She is a middle-aged, university educated woman, who belongs to the same group I visit almost every week. We have known each other for many years, sharing similar views and approaches to everyday life. It was a total surprise to me when she came to me to make this comment, after my presentation to the group.
"I've been reading your articles for many years," she said quietly, "and I support your way of writing. Today, I've decided to say something. What I'm asking you is to be patient and listen carefully to what I'm going to say. I know you will try to keep your approach, which I appreciate. Just for a small change, may I ask you to write an article about our friendly talk, after our conversation? By the way, the lunch is on me."
How could I refuse such an opportunity?
This is our conversation. I'll just call her a friend.
Friend: "I have suffered from anxiety for many years. This is important to say because you understand that I'm talking from my experience, not from theory. Reading about anxiety, I have gotten a solid knowledge and understanding how most of us anxious people feel. I'll be very direct, saying I have the feeling that people don't understand us. Even people, like many of the self-help authors, can not understand us. We are different!
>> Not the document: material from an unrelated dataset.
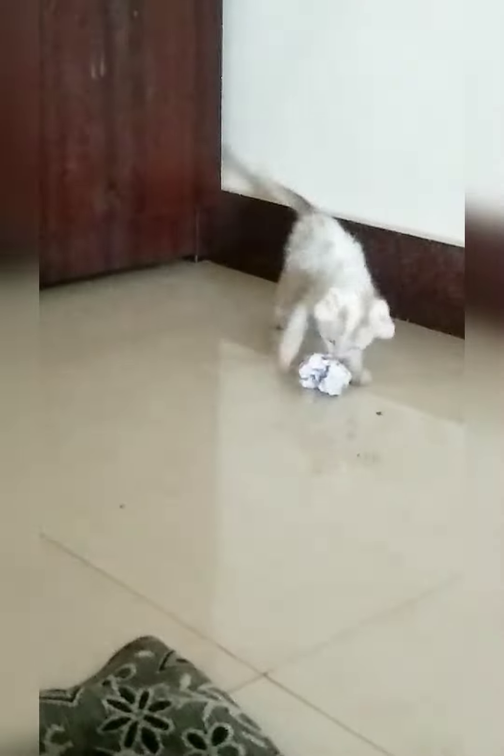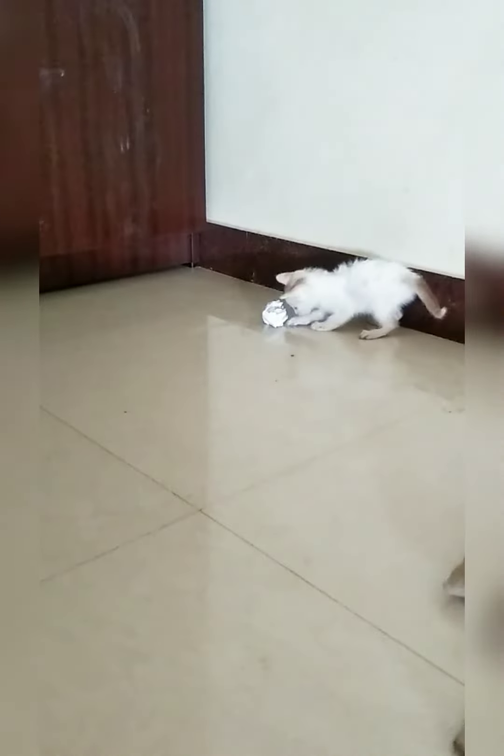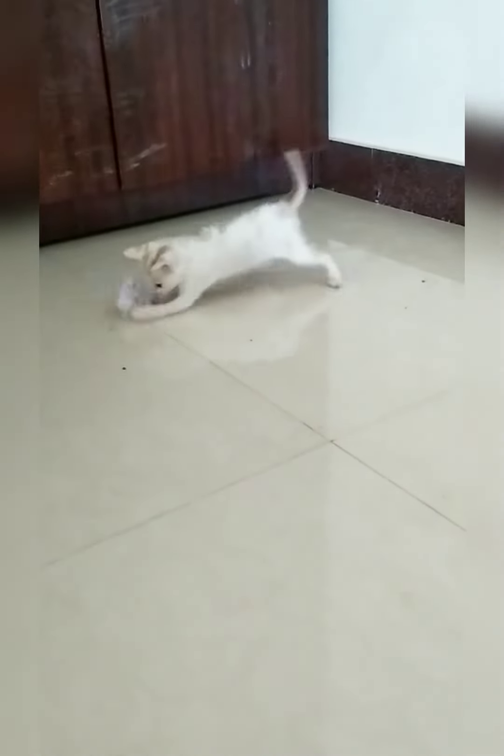Two guys are in the basket. They are in the basket. First, they are in the ball. But they are very cute. They are not in the ball. They are in the paper and they are in the ball. But they are very cute.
Our way through life has been destroyed by negative thoughts, fears, phobias, depression, `what if' thinking, fearful expectations, uncertainty, dilemmas, hesitations and many other things. We feel sad that life is not in our control. When we try to control life, we are overprotective. When we try to be good to others, we are pleasers. We are over-sensitive, and sometimes, it's not easy to like us! We know our problems come from our low self-esteem, low self confidence and luck in many other things. We have great expectations, but not great energy. Preparing for any project, we are defeated from the very beginning. We need happy pills to survive! Now it is your turn to speak your mind."
Me: "I really respect and appreciate your sincerity. Thank you for this opportunity to talk to you. I'll remind you that I`m not pretending to be your therapist or spiritual teacher. I`m just a person who believes in positive thinking. A person who has learned from my own experience that positive thinking works! If you accept me as a friend who wants to share my own understanding of positive physiology, I can say this:
There is no dilemma except in that your thoughts about yourself have developed as a consequence of your life. Each person who had the same experiences would have had the same kind of thoughts. You are not different from "rest of us". You just had different experiences in life.
Cognitive therapy teaches us that our system of belief about ourselves is learned. It comes from childhood and has its roots in personal life experiences. That means that our beliefs about ourselves were appropriate and acceptable at that time, but not now. Now is the time to switch to a different self image. You had the energy to learn your self-image in childhood, so why don't you want to learn opposite beliefs?
I can see that your low self-confidence is the result of self-criticism. Unfortunately, self-criticism has destroyed your clear thinking about yourself, as well. What can be done now? Unless you make an effort to improve your process of thinking, switching to a positive approach to life, nothing can be done. Move yourself to the `new you'. Change is stressful, I know, but there is no other way around it."
Friend: "That's easy to say, isn't it?"
Me: "Don't limit yourself and don't blame the people around you. They have nothing to do with your problem now. In the past you were under the influence of negative circumstances, we know that, but now is the time to take control of your life. I know from my own experiences how terribly hard it is to accept that we are the creators of our own lives. Make the decision to `learn a new learning' and a positive impact on your life will be there for you."
Friend: "Why don't people understand and accept us as we are now?"
Me: "Who said that they don't? This is your personal view and not a fact. When people talk or write about positive emotions and positive psychology, they actually want to say: You are in charge of your thinking. Take responsibility for your responses to the events in life. Find positive learning from each situation. Learning from obstacles is one of the many ways how `life works', and these problems have a reason for being here."
Friend: " Where am I now?"
Me: "I hope you are at a new door, heading to new experiences and new learning. One of the many ways to your recovery could be accepting different, positive views of life; you'll change not just your life, but even your cell's biochemistry! It's not in my imagination, but in many books! I can tell you, there is `a positive biochemistry', with positive thoughts and there is `a negative biochemistry', with negative thoughts. By choosing your way of thinking, you are choosing how your own body biochemistry works."
Friend: "Now it's my turn to... pay the bill."